The system includes a laser configured to produce a light beam and
a first holographic medium containing a recording of a first laser
viewable transmission hologram of an object image recorded at a
first angle of reconstruction. The system also includes at least
one of a first flat mirror, first diverging lens, and a first
collimator mirror configured to direct a reproducing beam from the
laser to strike the surface of the first holographic medium at the
angle of the reference beam used to record the object image. The
system further includes a second holographic recording medium
configured to contain a recording of a second laser
viewable-transmission hologram recorded at a second angle of
reconstruction. Further, the system includes at least one of a beam
splitter, second flat mirror, third flat mirror, diverging lens,
and converging lens configured to direct a reference beam from the
laser to strike a surface of the second holographic medium at the
second angle of reconstruction, wherein the second angle of
reconstruction is substantially increased as compared to
conventional hologram reconstruction techniques, and wherein the
reconstruction beam and reference beam are configured to
concurrently strike the surface of the second holographic
medium.
[0020] A system for reconstructing the second hologram recorded by
the hologram recording system is also provided. The system includes
a reproducing light source positioned proximate to the second
holographic medium and configured to illuminate the second hologram
at an angle of reconstruction which is substantially greater than
that obtained using conventional hologram recordation techniques.
For example, in one embodiment the angle of reconstruction is
between 45 and 90 degrees.
[0021] In order to provide a highly compact holographic recording
and reproduction system of the present invention with a very wide
angle of reconstruction (i.e., greater than 45 degrees), the
reconstructing light source can be positioned as close as possible
to the plate or film to which the hologram is affixed. In
particular in accordance with embodiments of the invention, angles
of reconstruction greater than 80 degrees are possible.

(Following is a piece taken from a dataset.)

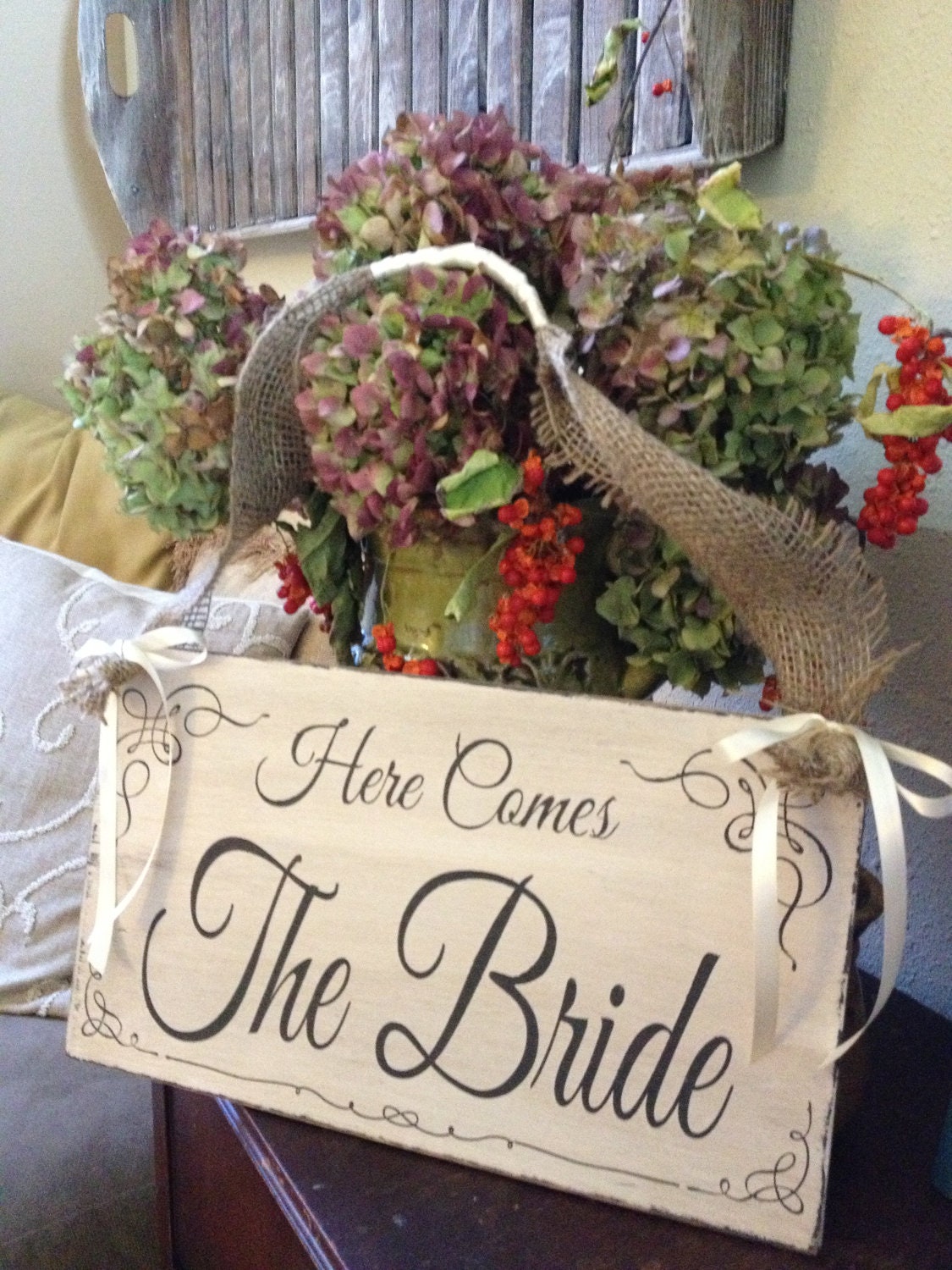 Here comes the bride sign - for that shabby chic, rustic wedding - handpainted 14x8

[0022] Therefore, in another aspect of the invention a compact
holographic switch is provided. The switch includes a hologram
affixed to a medium, wherein the hologram has an angle of
reconstruction greater than 45 degrees. The switch also includes a
reproducing light source positioned on one side of the hologram
configured to direct light through the hologram at the angle of
reconstruction to form a holographic image at a predetermined
distance from the hologram on an opposite or same side of the
hologram with respect to the reproducing light source. The switch
further includes a detector configured to detect presence of an
object proximate to the holographic image. The detector is
positioned so that the path of its detecting beam intersects the
plane of the medium to which the hologram is affixed at an angle
that is not normal to that plane in order to avoid the possibility
of its beam reflecting directly into itself and distorting its
detection capabilities.
[0023] Reduced cost and ease of integration of holograms with
features of a controlled device can be facilitated through various
embodiments of the present invention. Also, the design,
manufacture, and engineering of touchless human machine interfaces
(HMIs) for electronic and electro-mechanical devices can also be
facilitated through various embodiments of the present invention.
The present invention is also more efficacious when recording
master holograms and minimizes image distortion caused by
vibrations or air currents occurring during hologram recording
process.
[0024] Media to which a hologram may be affixed or which otherwise
bear a hologram according to the present invention can be very
thin, as compared with more cumbersome and thicker edge-lit
holograms taught by the prior art. Depending upon durability
concerns related to operation of holographic HMIs and refractive
qualities of materials to which holograms may be affixed, those
materials may include one of one-quarter inch or greater acrylic
plate or glass or other transparent or translucent media. Thinner
materials to which holograms may be affixed permit holographic
HMIs, for example, to be more compact and lighter than conventional
holographic HMIs. Holograms recorded in accordance with the various
aspects of the present invention can be reproduced by compact,
inexpensive and long-lasting light sources such as LEDs, striking
media to which holograms are affixed at large angles of
reconstruction, positioned close to media, thereby permitting
reduced size and weight of touchless, holographic HMIs. The methods
and systems described herein also facilitate creation of colorful
holographic images, an essential component of commercial viability
of touchless, holographic HMIs.
BRIEF DESCRIPTION OF THE DRAWINGS
[0025] FIG. 1 is a schematic representing an arrangement for
recording a hologram in accordance with the present invention.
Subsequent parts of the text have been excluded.